Una ciudad digital debería ser simple y disponible, como encender la luz o tomar un autobús (malos ejemplos en estos días).
Significa que los ciudadanos tengamos derecho a escoger con qué medio y en qué momento queremos (o tenemos que) relacionarnos con las instituciones:
- Haciendo fila desde la noche anterior ante las puertas de una institución llena de gavilanes (no muy gobernable y definitivamente nada digital).
- Por medio del celular mientras me tomo un café; en un Internet Café que está cerca de mi casa y que además la muchacha que lo atiende es paciente, simpática y bonita.
- En los centros digitales con tutores que está poniendo el gobierno.
- Desde Internet de la casa a las 11:00 p.m. y con ayuda de un nietecito.
- De repente en un pequeño centro de cómputo de una pequeña o mediana empresa rural, cuyo dueño se dio cuenta que era un beneficio para sus empleados y además ya no tardarían todo un día para ir a una cita a la Caja Costarricense del Seguro Social.
La infraestructura
Ese celular o esa conexión estable y rápida a internet.
Por ahora es elitista: por zona geográfica, por tipo de cliente, por dinero que pago, por suerte o mala suerte de no estar cerca de las fibras o por ninguna de las anteriores, pero sí por otra razón “inexistente” que está ahí.
Si además de todos estos problemas innecesarios le agregamos falta de conocimiento de mucha de nuestra población, entonces encontramos un nombre muy elegante y político: BRECHA DIGITAL.
Contenido
Ya entendí el punto 1 (sobre lo que debería ser la ciudad digital) y por suerte no tengo ningún fantasma limitante del punto 2, perfecto.
Ahhh, pero: ¿dónde me conecto? ¿Y quiénes me dan servicios públicos digitales?
Esperemos a que a doña Alicia Avendaño, director a técnica de Gobierno Digital, algún día le asignen presupuesto y autoridad.
Mis proveedores
Como potenciador del problema anterior de contenido, las instituciones que me deben proveer servicios creen que las computadoras se encienden de lunes a viernes de ocho a cinco.
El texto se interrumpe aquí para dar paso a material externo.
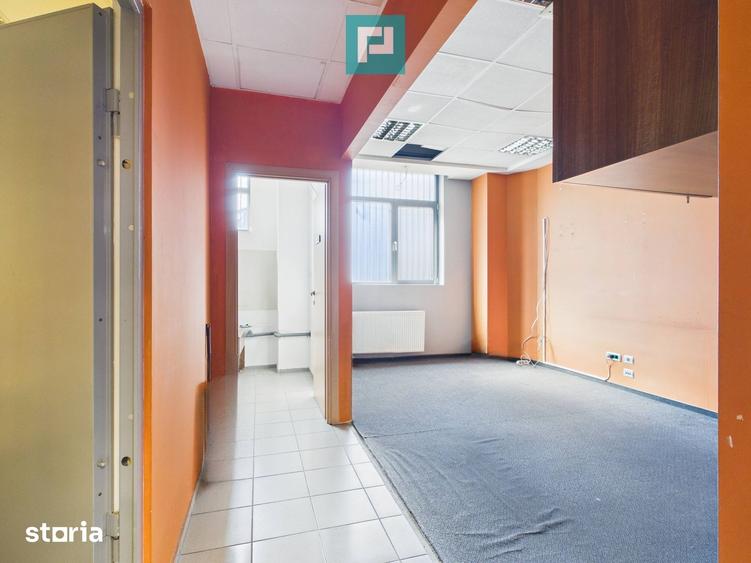 Spațiu comercial, de 160 mp, în Soarelui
Se requieren centros de cómputo capaces de operar las 24 horas del día los 365 días del año, a pesar de un apagón o un fantasma del Instituto Costarricense de Electricidad (ICE) o Radiográfica Costarricense S.A. (Racsa).
Mi compromiso
Si no uso una computadora debo buscar ayuda, si tengo acceso no debo desperdiciarlo y si tengo que capacitarme lo haré.
Pero sobre todo: no aceptemos menos que servicios digitales que funcionen 24 horas durante todo el año y que sean seguros. ¡No menos que eso!